The liquid flow behavior in nanoscale pores is of interest in the fields of oil and gas recovery, energy storage [1], water purification [2] and nano-filtration [3]. The results reported in the literature, including both experimental and theoretical research, have shown that the flow of water in hydrophobic nanopores is enhanced compared to that predicted by the no-slip boundary condition of the Hagen-Poiseuille (HP) law [4,5,6]. The velocity profile of the flow in a nanotube is illustrated in Figure 1, with and without slip. The enhanced water flow is described by the boundary slip condition, which is determined by many physical characteristics of the system, including pore wall interactions with water molecules (which can be described by wettability and/or contact angle measurements at the wall surface), pore wall surface roughness, shear rate, gas films or nanobubbles, viscosity, temperature, pore dimensions, and pressure gradient.

The boundary condition is one of the most critical factors that determines the mechanics of water flow. For decades, the no-slip condition has been discussed in most of the literature on classical fluid mechanics. The relative flow velocity of water in contact with a solid surface is zero due to immobilized water molecules. However, the study of micro/nanoelectromechanical systems and micro/nanoscale fluidic systems has rapidly developed in recent years and the no-slip condition has not been able to explain flow in these micro/nanoscale fluid systems. The slip length and flow enhancement factors have been determined experimentally and from theory [4,5,6,7].

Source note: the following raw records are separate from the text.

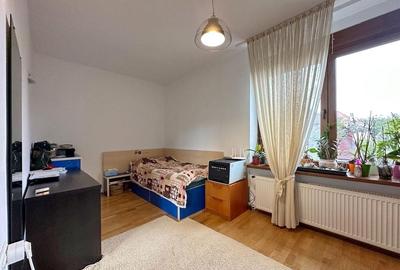 Apartament cu 4 camere de vânzare - Centrul Civic, Brașov - 12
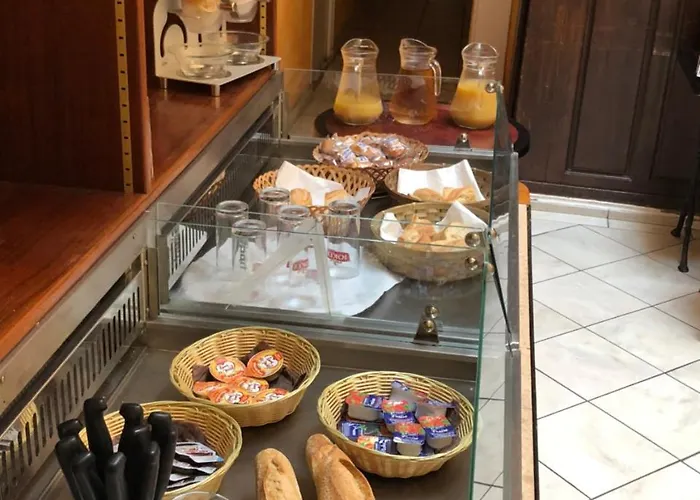 Hotel Les Arceaux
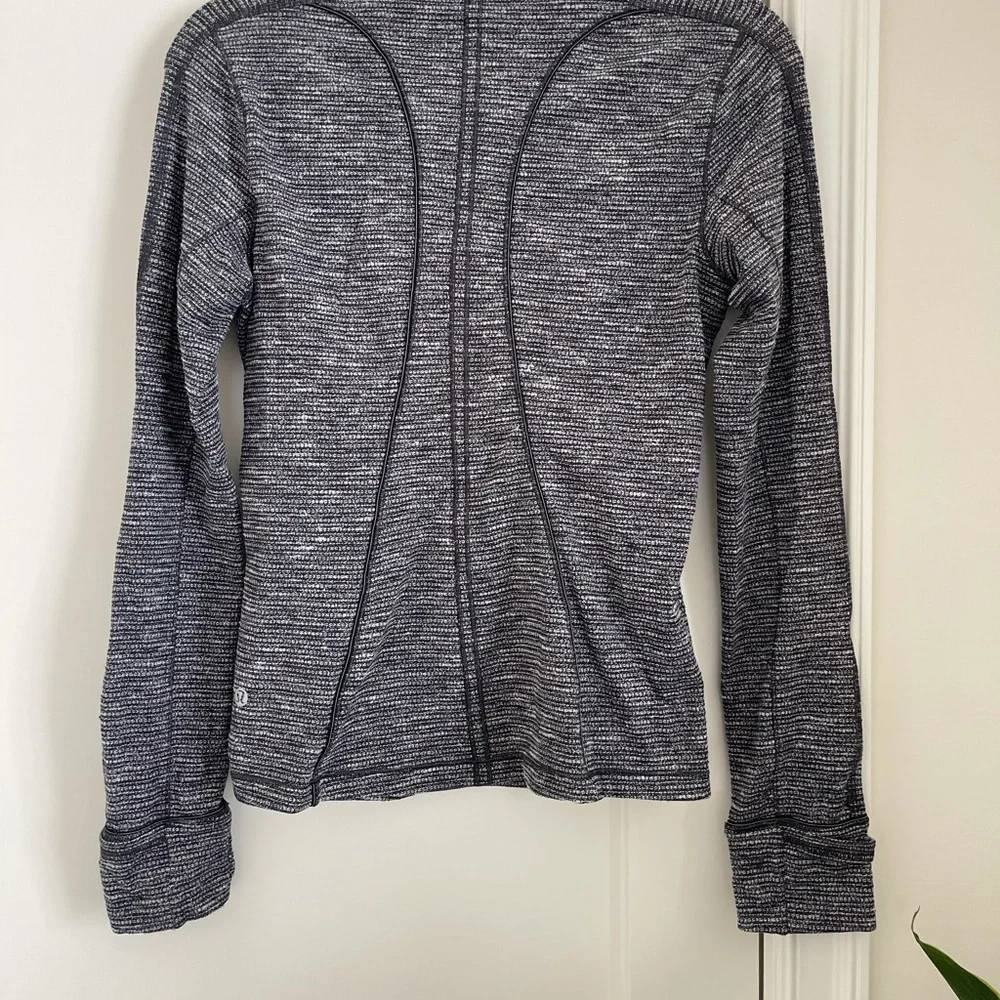 Lululemon Run Briskly 1/2 Zip - Picture 5 of 12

However, the structural characteristics and rheological properties of the nanoconfined water layer at hydrophobic and hydrophilic surfaces continue to be the subject of discussion and debate. This unsatisfactory situation is due mainly to the lack of direct, high-resolution measurements of water structure at nanoconfined conditions. Direct experimental and simulation measurements of the normal, lateral force [8] and viscosity of interfacial water [9] have been reported. Molecular dynamics simulations (MDS) point out additional factors contributing to the slip length, which include the wetting characteristics (contact angle) and surface morphology (roughness and texture) [10]. Atomic force microscopy (AFM) has been used to measure slip length at the surface of highly oriented pyrolytic graphite (HOPG) [11], mica surfaces with various surfactants (such as octadecyltrichlorosilane, OTS) to modify surface wettability [12], and synthetic materials [13], which manifest the effect of surface wettability on slip length. In addition, the flow boundary condition is also dependent on surface modification which can become more complex, for example, with modification by OTS. Ye’s study [14] of interfacial water structure at a fused quartz surface modified by OTS indicated that both the terminal amino group of the OTS and the silanol group on the quartz substrate had significant effects on the interfacial water molecules. However, for natural hydrophobic minerals, the influences of surface modifications are avoided, and the influence of wettability on slip flow can be considered for such natural hydrophobic mineral surfaces. Hydrophilic surfaces bear electric charges or polar groups that coordinate water molecules. In contrast, non-polar surfaces are generally hydrophobic. Thus the polarity of the surface state leads to differences in interfacial water structure, and in the case of hydrophobic surfaces, may lead to the stabilization of surface nanobubbles of various sizes and shapes as reported in the literature [15].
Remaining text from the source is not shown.